An Underfunded FDA Fights Back - Under fire, FDA is taking steps to regain its stature as an effective science-based regulatory agency. - BioPharm International


An Underfunded FDA Fights Back
Under fire, FDA is taking steps to regain its stature as an effective science-based regulatory agency.

BioPharm International
Volume 21, Issue 5


CDER Director Janet Woodcock faces the daunting task of dealing with resource issues while reshaping the organization to handle added postmarket safety initiatives. CDER has gained the funding to add some 400 staffers, but the task of hiring and training a whole new cadre of reviewers and analysts will consume considerable time and energy.

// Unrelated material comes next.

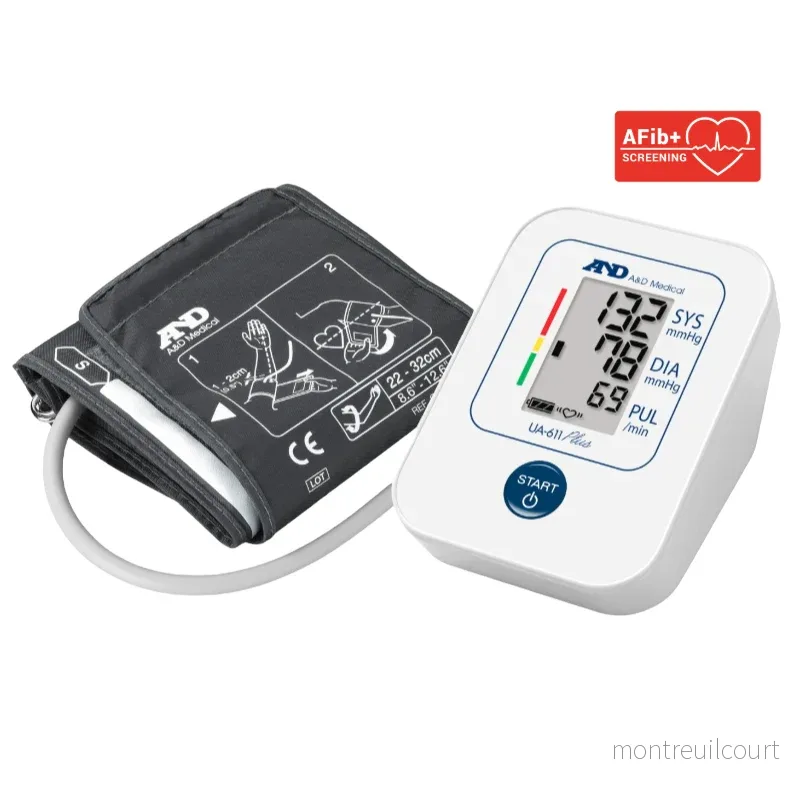 Blodtrycksmätare A&D UA611 Plus AFib Blodtrycksmätare A&D UA611 Plus AFib
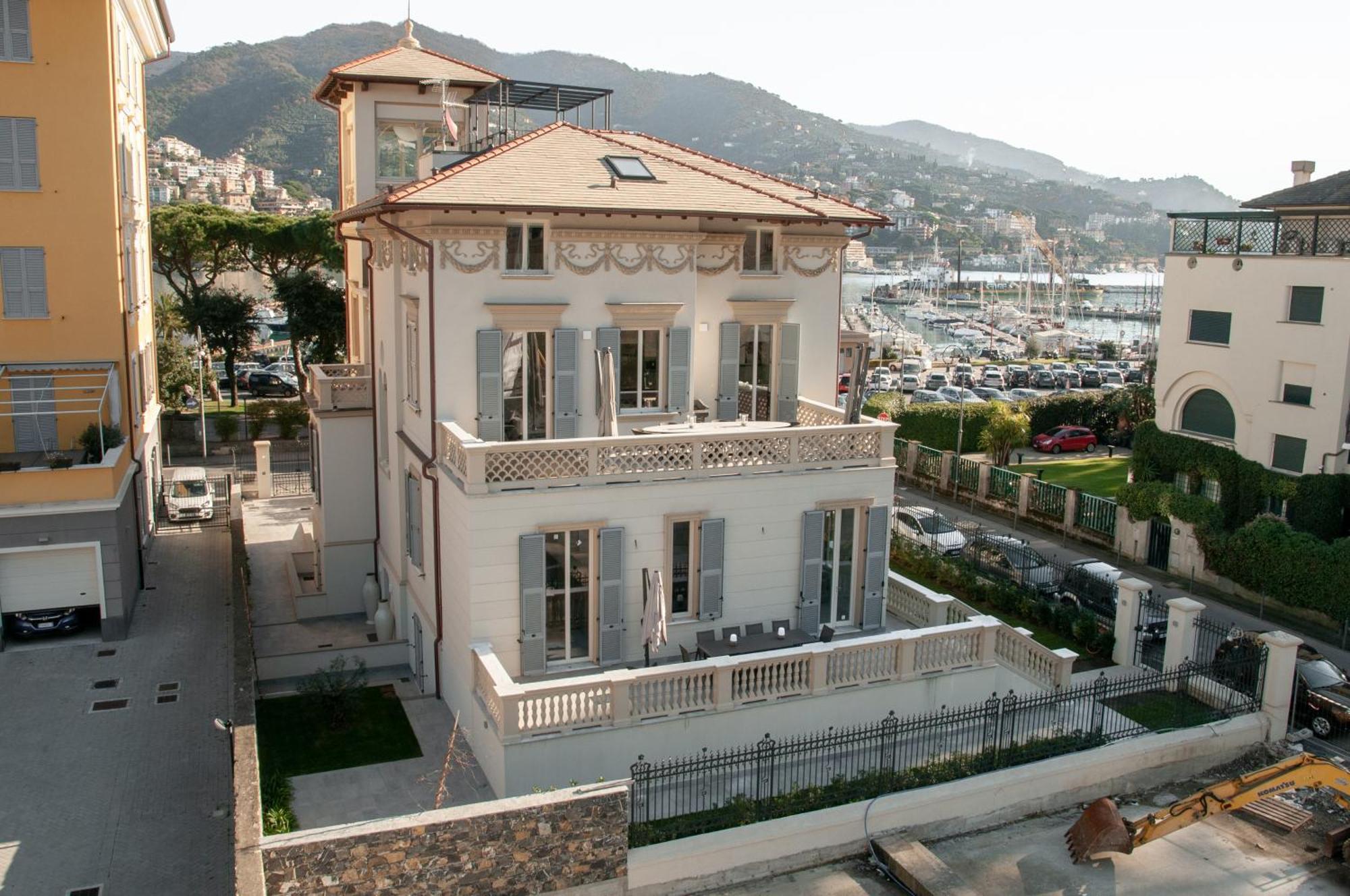 Villa Porto Rapallo Portofino Coast Dış mekan fotoğraf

Meanwhile, Woodcock is taking steps to expand drug safety monitoring and ensure safe medication use. In late February, CDER announced a new Safety First initiative to orchestrate collaborative oversight of risk issues and avoid clashes between CDER's new drug review offices and the Office of Surveillance and Epidemiology (OSE). A Safety First steering committee is clarifying internal processes for managing significant safety issues, Woodcock said in a staff memo. High-level managers have been named to every drug review office to monitor and coordinate assessment of safety issues. OSE has lead regulatory responsibility for observational epidemiologic studies and medication error prevention, including review of proprietary names, packaging, and container labeling. But safety officers won't get a veto over approvals, as some parties recommended.

To handle these and other new postmarket surveillance activities, CDER has expanded OSE from three to five divisions to better monitor adverse events, weigh safety issues in applications, and review risk management plans. And OSE Director Gerald Dal Pan heads up an expanded staff that oversees OSE management and communications and policy development.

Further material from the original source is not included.